WHAT IS NEEDED: Would you transcribe exactly the lines from the beginning of the records below through the line with "REDCap Tutorial Video", both included, omitting the pictures?

(Image-caption web data)
- Opening Delimiter -
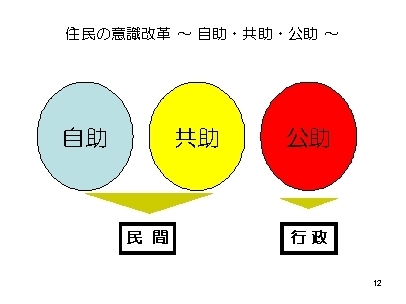 住民の意識改革～自助・共助・公助～の画像1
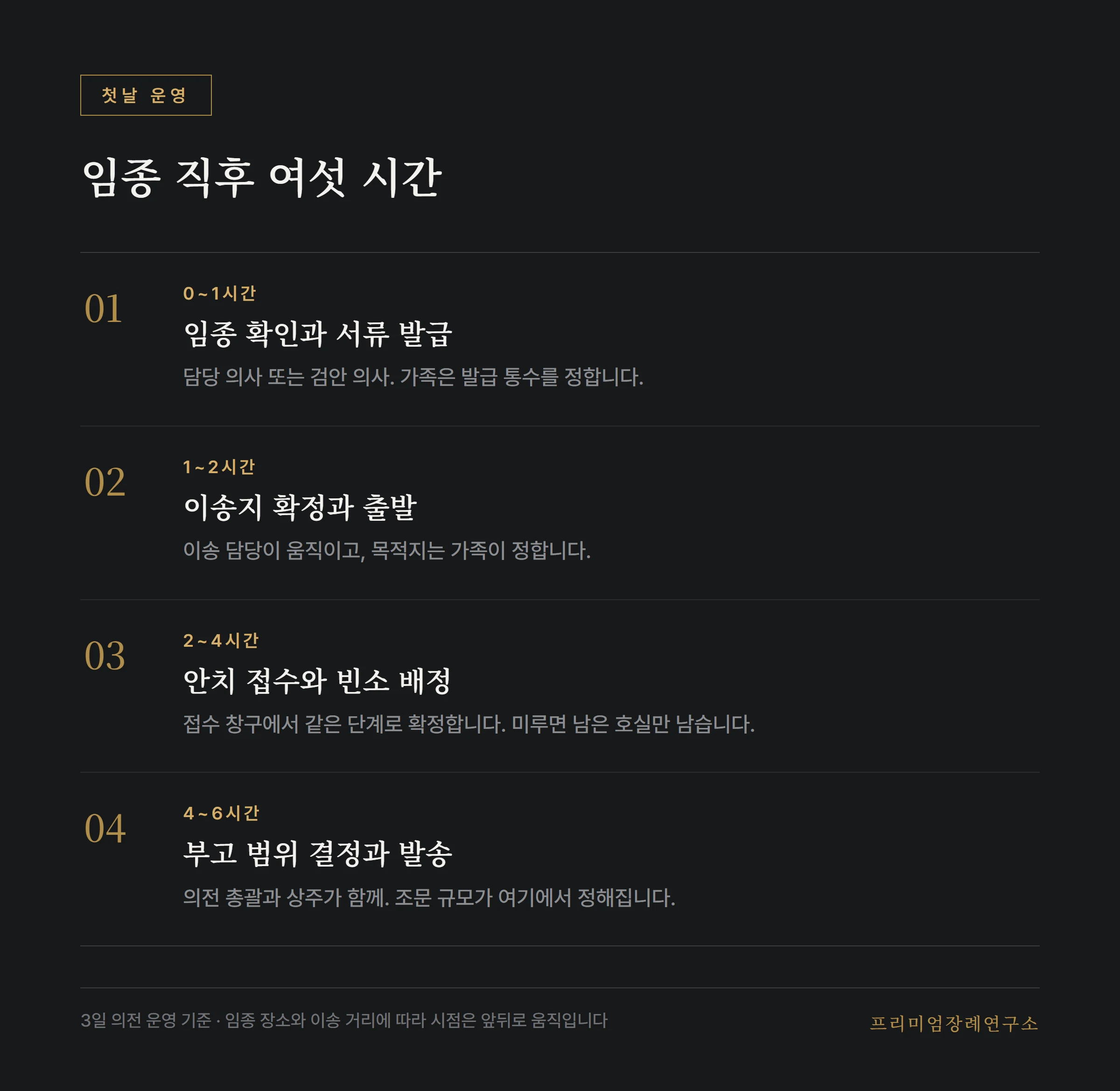 임종 직후 여섯 시간의 시점별 진행과 담당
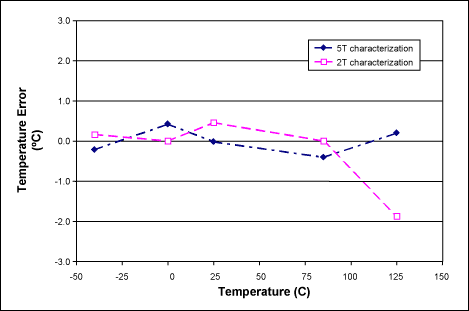 圖3. 校準ADC_T讀數(shù)后MAX1464的溫度誤差，(PGAT[4:0] = 00001; COT[3:0] = 1101)。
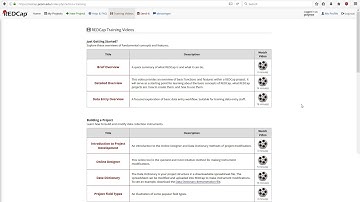 REDCap Tutorial Video 2: REDCap Login and Project Creation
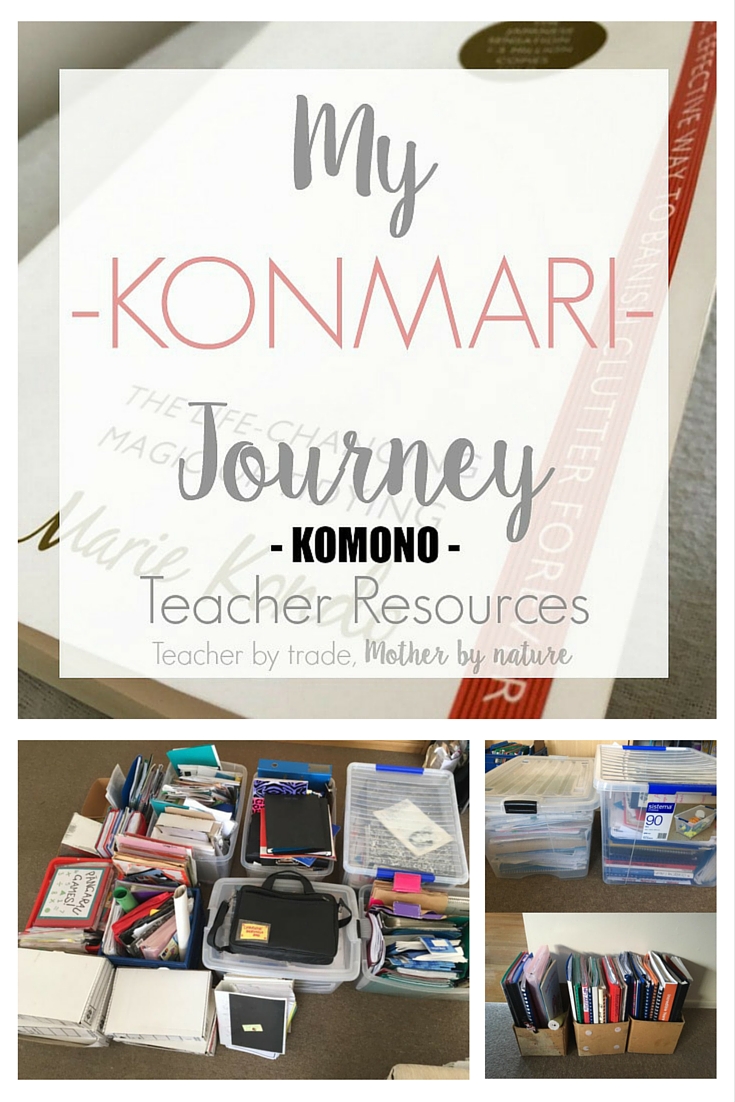 My KonMari Journey: KOMONO - Household Supplies - Teacher by trade, Mother  by nature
- Closing Delimiter -
TASK SOLUTION:
 住民の意識改革～自助・共助・公助～の画像1
 임종 직후 여섯 시간의 시점별 진행과 담당
 圖3. 校準ADC_T讀數(shù)后MAX1464的溫度誤差，(PGAT[4:0] = 00001; COT[3:0] = 1101)。
 REDCap Tutorial Video 2: REDCap Login and Project Creation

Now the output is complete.